- _Problem to work on_:
Once the line containing "黄瓜视频手机版在线下载安卓版下载" is found in the entries below, reproduce it and every line after it, stopping at and including the line containing "紅色開關 開門迎好運是正規品牌嗎？使用后的效果如何"; reproduce nothing else, and keep each line exact.

#####

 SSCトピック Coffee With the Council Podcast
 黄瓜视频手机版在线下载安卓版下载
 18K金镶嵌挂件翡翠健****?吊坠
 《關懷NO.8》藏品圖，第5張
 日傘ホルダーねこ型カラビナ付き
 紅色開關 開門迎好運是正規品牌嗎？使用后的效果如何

#####

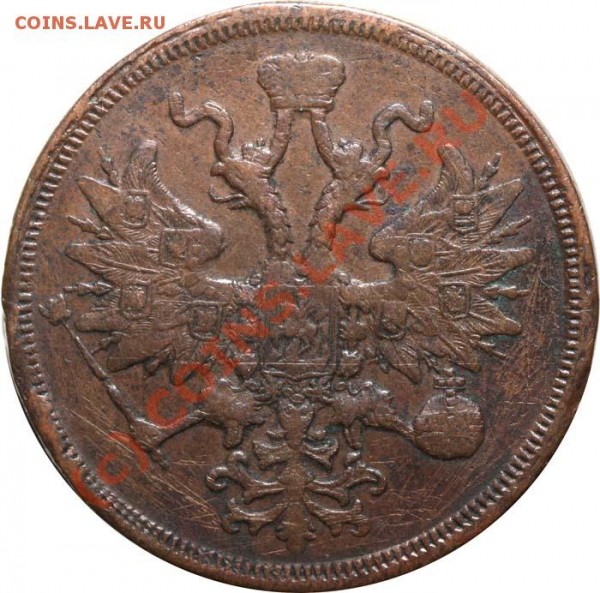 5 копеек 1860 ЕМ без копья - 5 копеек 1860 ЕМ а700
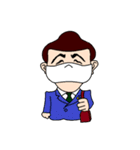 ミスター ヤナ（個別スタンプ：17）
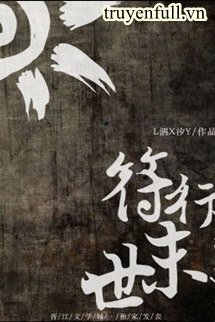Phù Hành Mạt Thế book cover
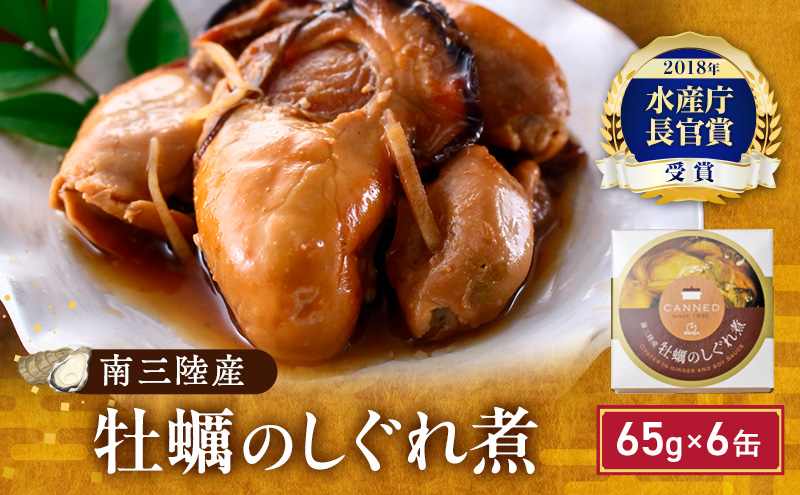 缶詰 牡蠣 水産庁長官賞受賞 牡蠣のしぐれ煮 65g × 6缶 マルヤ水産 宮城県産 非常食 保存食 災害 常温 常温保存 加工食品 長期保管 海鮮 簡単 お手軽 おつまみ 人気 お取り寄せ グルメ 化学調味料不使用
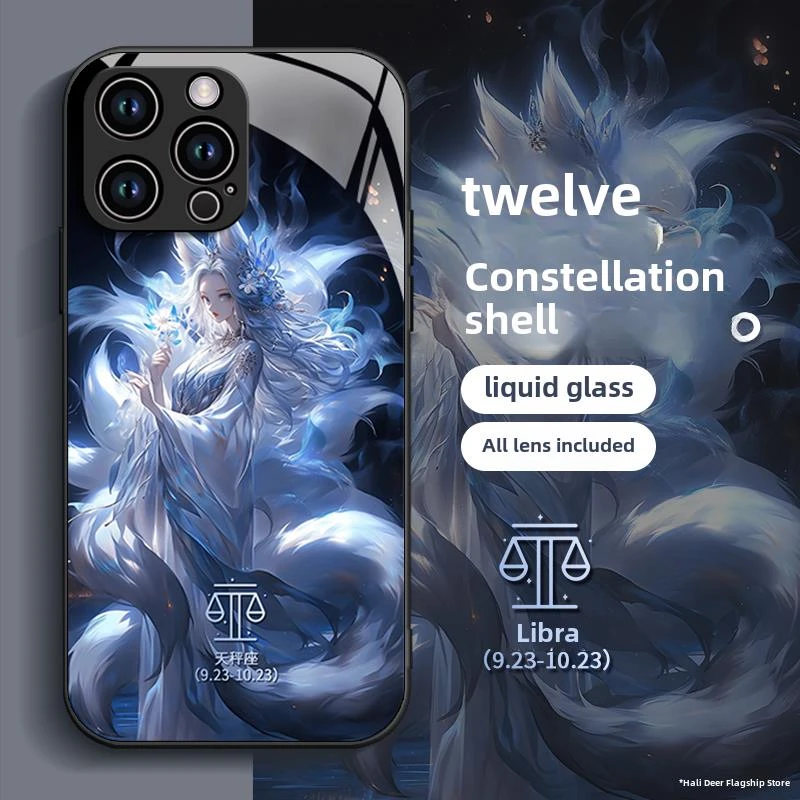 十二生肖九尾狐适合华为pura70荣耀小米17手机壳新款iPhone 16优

#####

- _Response_:
 黄瓜视频手机版在线下载安卓版下载
 18K金镶嵌挂件翡翠健****?吊坠
 《關懷NO.8》藏品圖，第5張
 日傘ホルダーねこ型カラビナ付き
 紅色開關 開門迎好運是正規品牌嗎？使用后的效果如何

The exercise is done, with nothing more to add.